I thought there were some better options disussed last November.

Velo
Guest
Velo

Why can’t we just take the lane?!
“newbies” could take the street car.

Spiffy
Guest
Spiffy

wait a minute…

the only reason they need a bike-only signal is because the left-most right turn lane is a combo straight and turn lane… if they’re converting both right turn lanes to turn-only lanes then they need to put the bike lane to the left of them

wow, I can’t believe they would even think of this crazy solution… especially in direct contradiction of the Manual on Uniform Traffic Control Devices which says “A through bicycle lane shall not be positioned to the right of a right turn only lane”… (thanks Paul Tay)

just put it to the left of the right-turn lanes like it should be and where it makes sense to everybody… no need for another signal…

Blah Blah Blah
Guest
Blah Blah Blah

I love the “drivers don’t respect the no right turn on red” argument coming from a community of cyclists that can’t even respect stop signs.

Yeah, the intersection kind of sucked, but if you pay attention to what is around you and set yourself up, it wasn’t too bad. What really unnerves me, is Broadway east of the signal. At least at the intersection with Williams you kind of know what to expect, but east of the intersection, it’s all cars making last minute right hooks and doors flying open.

are
Guest

re comment 24, because somewhere there is someone “willing but anxious” or whatever the catch phrase is, huddling in a bunker, who will not join the velorution if it requires merging left across motor traffic. and the rest of us are elitists.

Ryan
Guest
Ryan

@ Velo, #23: Yeah, let’s get those new riders back off their bikes, that’s the idea.
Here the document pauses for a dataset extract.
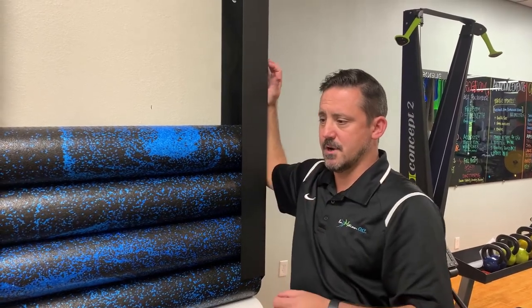Hold that stretch for 30 seconds, do it two to three times, do it multiple times a day, and then come see your physical therapist so we can address those other issues at hand.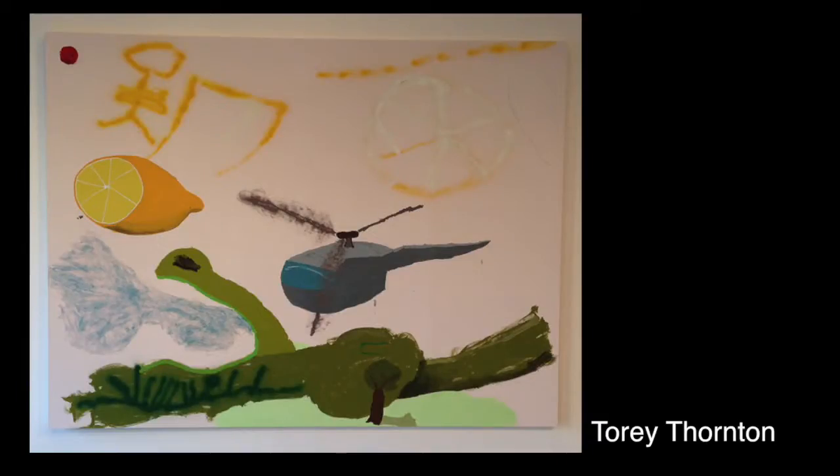First one we have up here is by Tory Thornton. This one's crazy. There's some kind of green object going on down here. If you show this one to your uncle, he might have flashbacks because it looks like Vietnam. It's very military — POW, which is prisoner of war; MIA, which is missing in action. There's a lemon, so what's up with the lemon? He's kind of saying how sour the war was. I'm pretty sure it's Vietnam-themed, but I'm not positive.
Why bother trying to make things safer? Sorry to be snarky, but just sayin.

Martha R
Guest
Martha R

I agree with other posts that drivers routinely ignore “no right on red” signs; if PBOT is really going to build this, they must put in a red light camera (and brace themselves for processing a bazillion tickets).

I prefer the idea of making both lanes right turn only (no straight ahead allowed) and putting the bike lane to the left of them. Merging across a car lane is far less scary than hanging out on the right side of vehicles that might or might not turn.

Paul
Guest
Paul

The advance stop for cars should help with the “no right on red” signal, much like how the green bike boxes work. If it’s bright and clear motorists are more likely going to comply. I’ve experience a very high rate of compliance with the green bike boxes so hoping the advance stop is just as decipherable! I do like the automatic bollard suggestion 🙂

jv
Guest
jv

I think that a red light camera would be very good to have at this intersection. That way there can be statistical information about compliance with the signals for both cars and bikes (though of course there is no way to ticket bikes). I think moving the stop line back might help a bit with the “no turn or red” thing.
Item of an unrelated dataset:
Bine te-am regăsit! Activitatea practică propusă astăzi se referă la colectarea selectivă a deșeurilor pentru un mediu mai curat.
An additional item that should be installed, since the bike lane is to the right, is a button for bikes to push to activate the light. If it is just activated by timing it will take forever, and I’ll probably just move left and use the auto lanes.

Steve B.
Guest

The constraints of the streetcar line are troubling, I thought this area was identified in the BMP for a separated cycle track.

With a treatment like this, they’re essentially laying the small beginnings of a separated bikeway here. Now if they ever want a cycletrack, I guess they’ll have to route the bikes onto the sidewalk. Hmm.

BURR
Guest
BURR

There’s room for lots of things if they stop insisting on two right turn lanes.

The safest thing to do would simply be to close the freeway onramp.

Mark C
Guest
Mark C

While this is an improvement, riding down Broadway in general kind of sucks. Since I live to the north, it’s a no-brainer for me to take Knott-Vancouver-Russell-Flint. For those coming from the south, I’d suggest going at least a few blocks out of your way to Tillamook. It’s a much nicer ride.

Todd Boulanger
Guest
Todd Boulanger

I am not sure this is still the best design option available to PBOT.

Have all options been evaluated fully by a larger group (say a subcommittee of the PBAC)?

I ask as I wonder if there is truly a “need” (in light of the safety deficiency) for a double right turn at this junction…given that most traffic in the peak goes to I-5 where there is a ramp meter on for a single lane of traffic. I would think that there may be less delay if the bike phase could be avoided…If there was only a single right turn lane then there would be room for separate bike lane for thru bike traffic and one for right turning bike traffic. Thru bikes would still have to merge across the right turn lane 2 blocks before the signal (like now).

PROPOSAL
If the current design is the ‘best’ compromise for safety…then I would ask that some striping modifications be made: enlarge the bike box, since the bike lane has been narrowed – to increase bicyclist storage capacity (has this been modeled to determine the size of the box based on the cycle phase and peak traffic?).

Add bike stencils to the bike box (I did not see any on the sample page provided). Extend the bike box to the centre line to allow bikes to wait for their through movement in front of the thru lanes…unless they can do this safety from the box in front of the right turning lanes(?)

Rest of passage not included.